Again, there are many traps for the unwary, but an “F” reorganization can be a useful tool for restructuring an entity taxed as an “S” corporation prior to certain investments or acquisitions. Practitioners should follow the above steps and assure compliance with all aspects of Section 368(a)(1)(F) as well as the various forms required to be filed with the IRS.

Hannah Fischer Frey and Jesse Sitz are partners at Baird Holm LLP, focusing their law practices in the areas of federal and state income tax law and business succession planning. Fischer Frey and Sitz work closely with other tax practitioners and preparers to document and structure deals for their clients in a tax-efficient manner. 

For more information, contact them at hfrey@bairdholm.com and jsitz@bairdholm.com, respectively.

1This article refers to “S corporations” generally to refer to limited liabilities companies or corporations that have made an “S” election under Section 1361 of the Code. Under the check-the-box rules, a multi-member limited liability company can elect taxation other than its default partnership status.

2For purposes of this article, the term “corporations” when used in the phrase “S corporations” is intended to reflect the tax status of the entity, not the entity’s state law entity form.

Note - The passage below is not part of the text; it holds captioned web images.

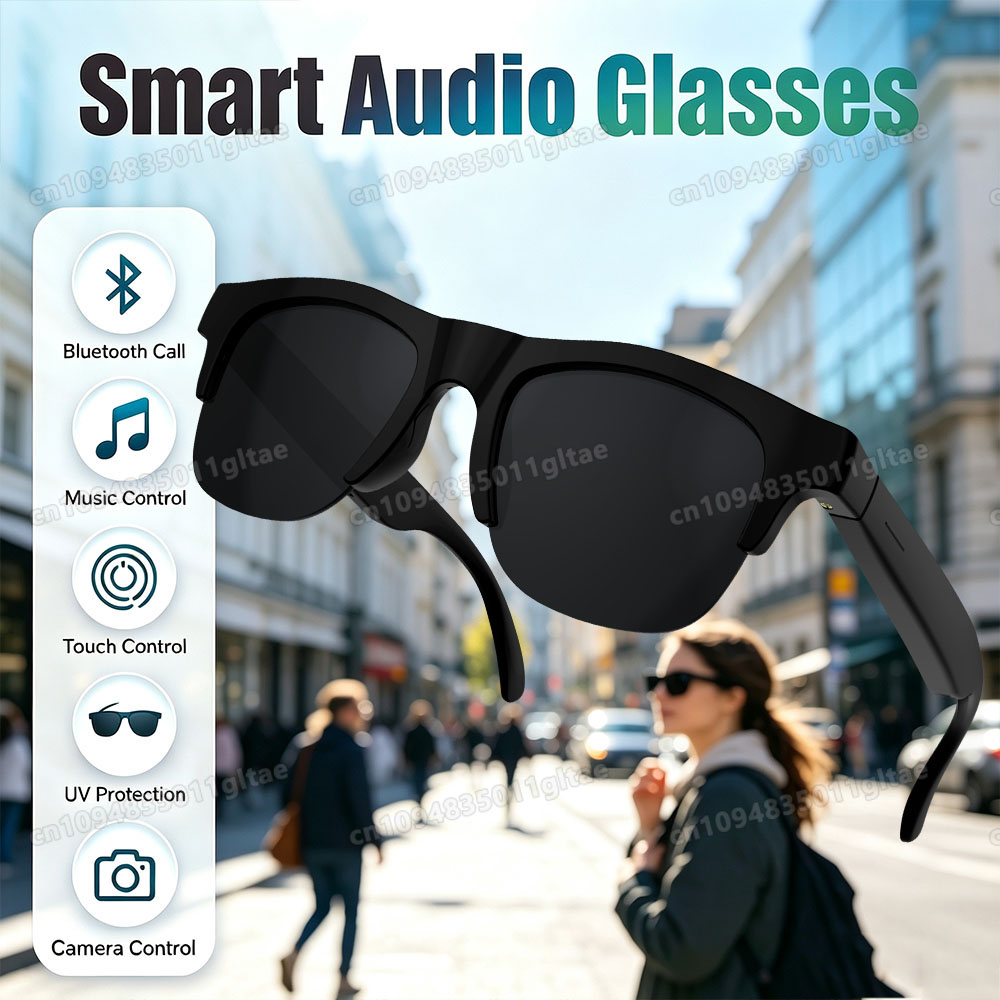 Outdoor Sport Glasses - NEW Smart Glasses V5.3 Bluetooth Call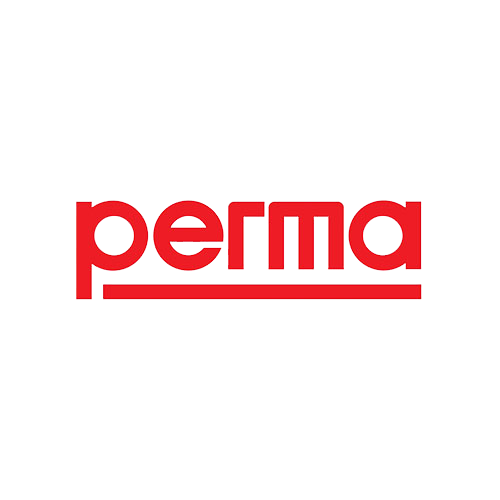 perma Logo bei Schmier.at für automatische Schmiersysteme und Industrieanwendungen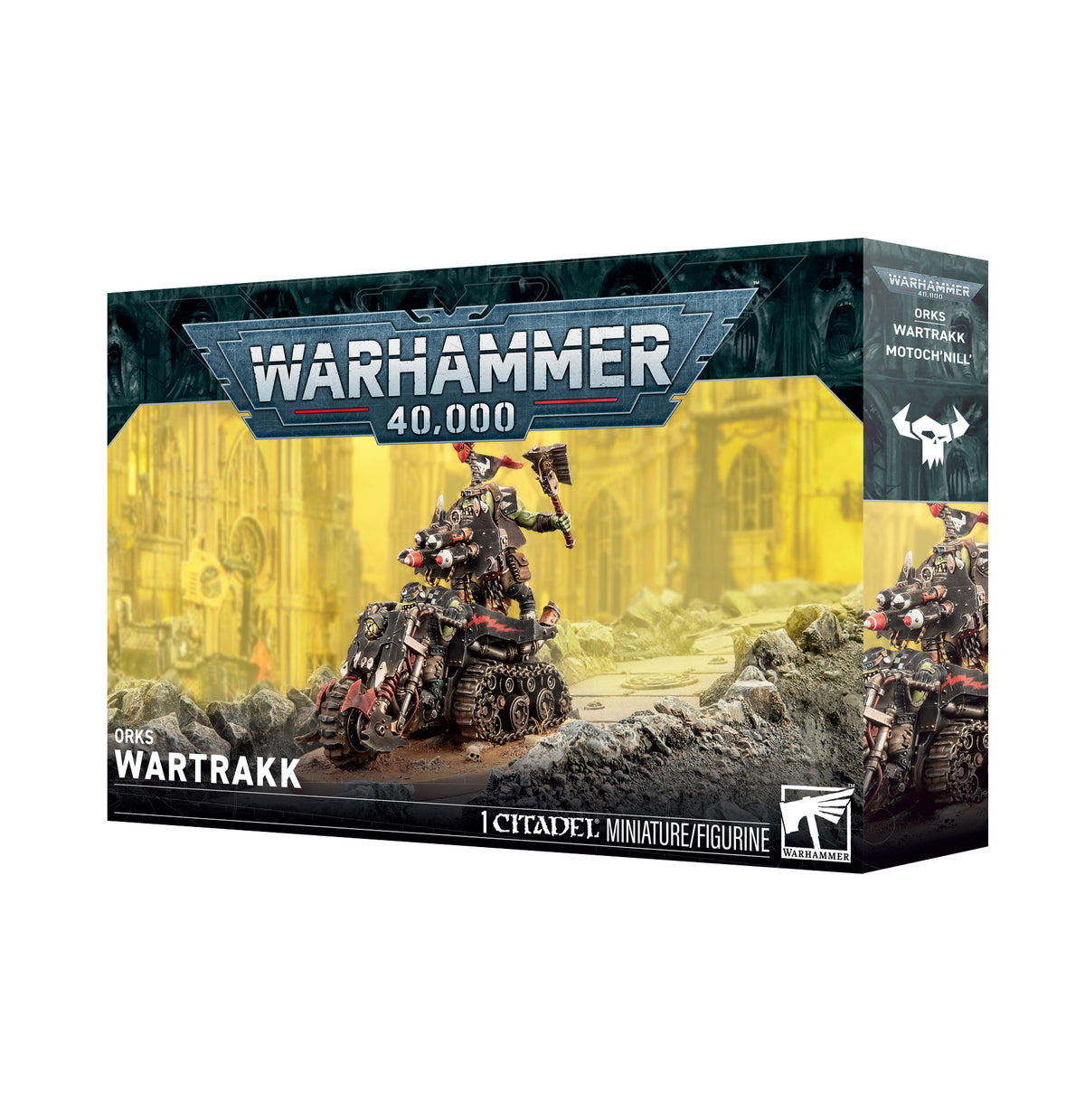 Warhammer 40,000 | Orks | Wartrakk
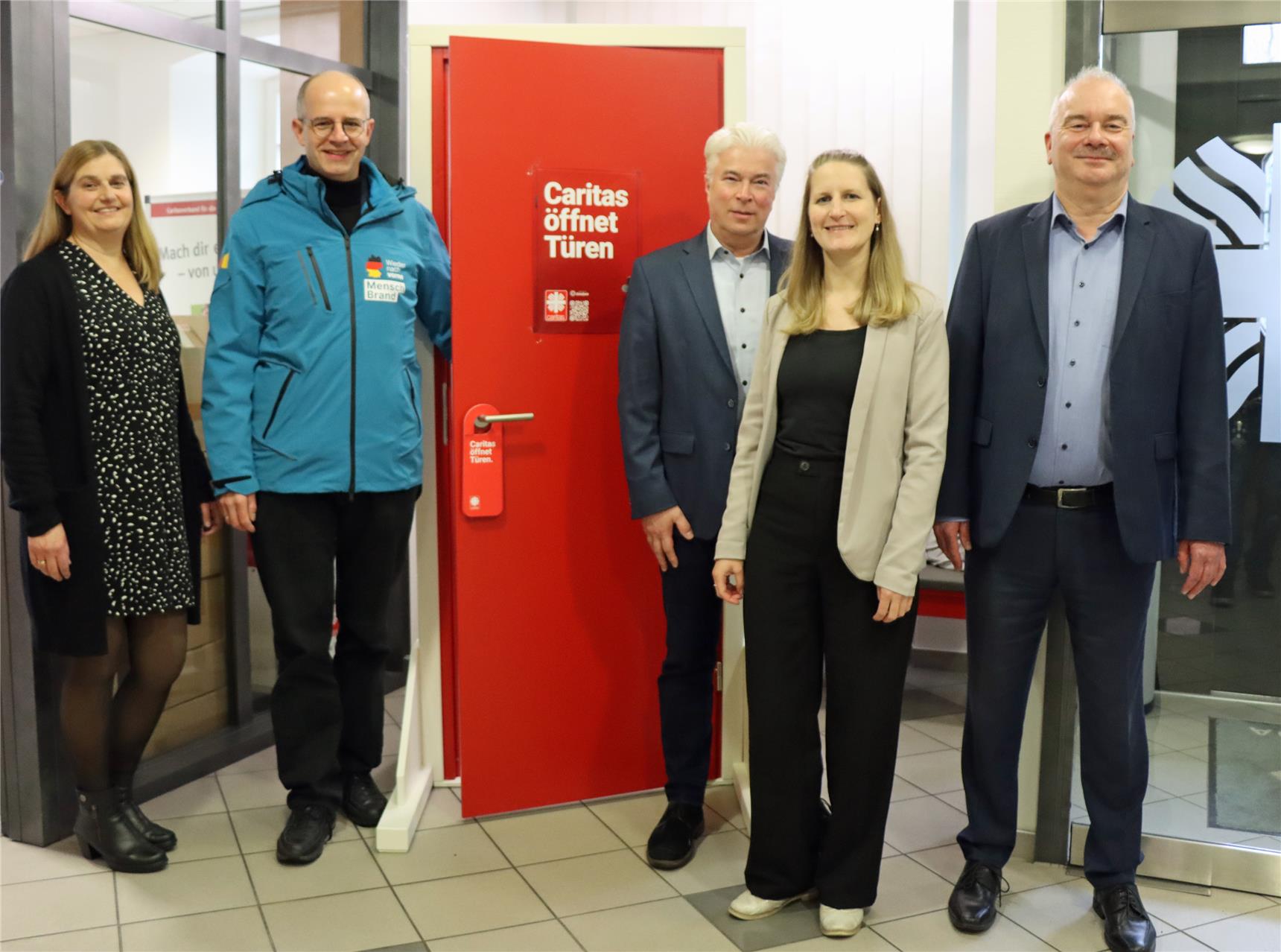 Meike Wenzel, Michael Brand, Holger Franz, Ann-Katrin Jehn sowie Markus Juch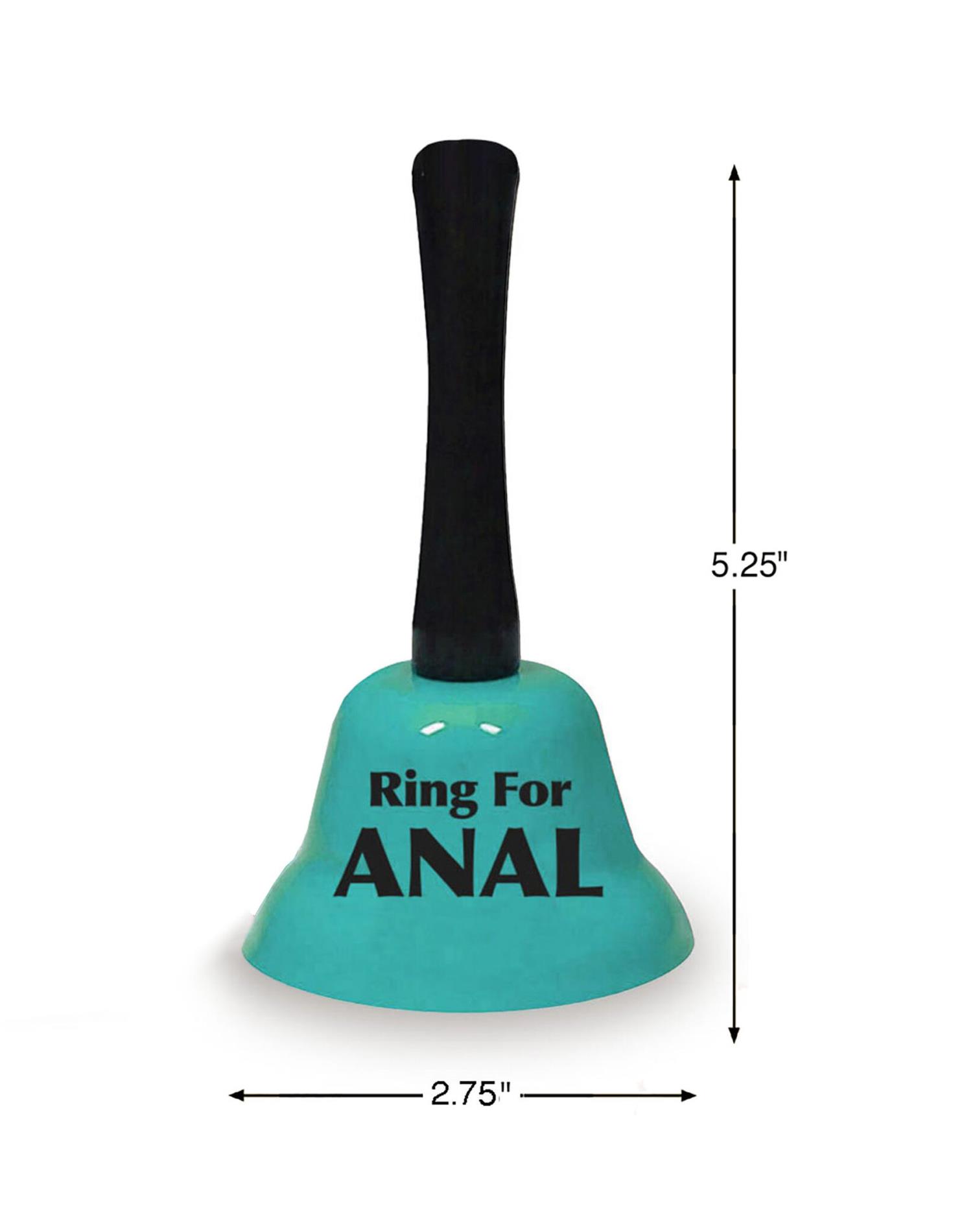 Ring The Bell For Anal, Teal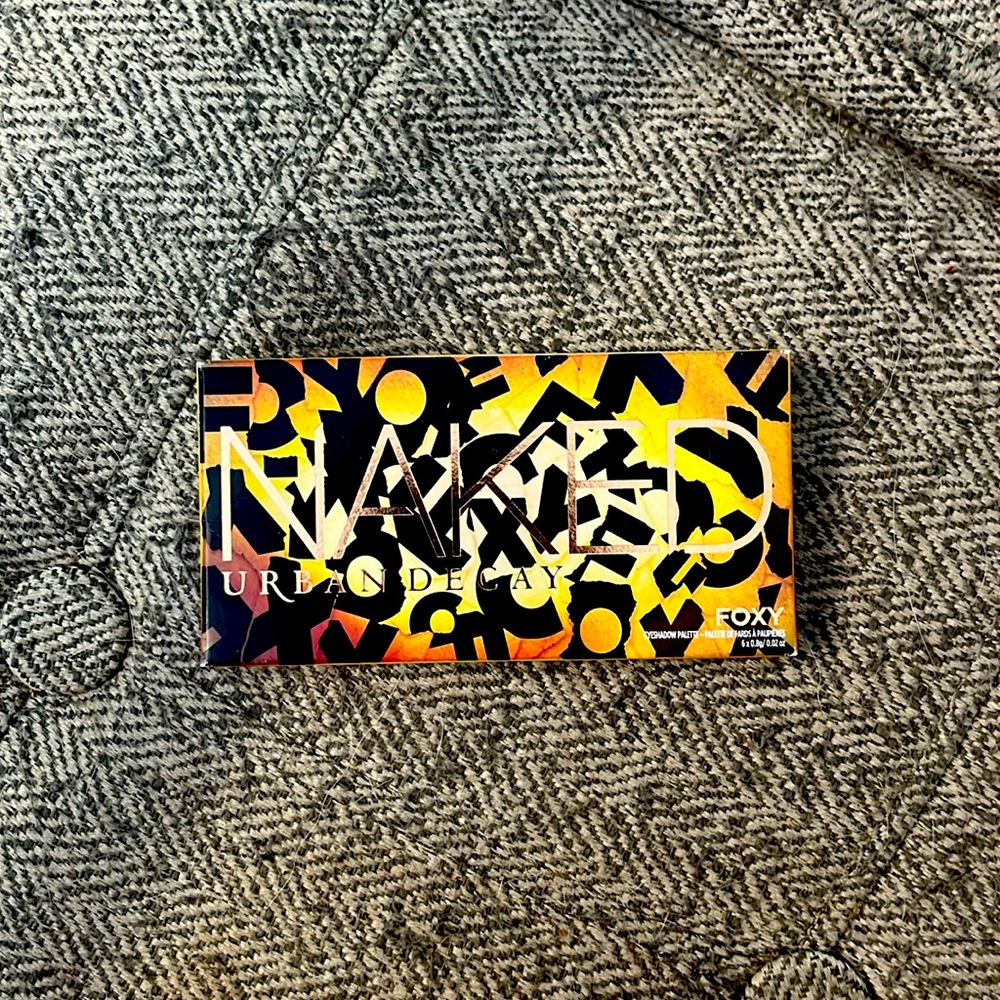 Urban Decay Naked Your Way Mini Eyeshadow Palettes - FOXY - brand new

3If the Operating Entity is already a limited liability company, this step may be skipped. Note, however, that complexities apply relating to a limited liability company making a QSub election. Special attention should be given to the election forms required for such an election.

4For purposes of this article, the term “stock” when used in the phrase “S corporation stock” is intended to refer generally to ownership interests of an entity taxed as an “S” corporation.

5With that said, there are nuances related to the tax election forms to be filed during the reorganizations that would apply to limited liability companies, but not state-law corporations. Care should be taken to ensure that the proper forms are filed with the Internal Revenue Service.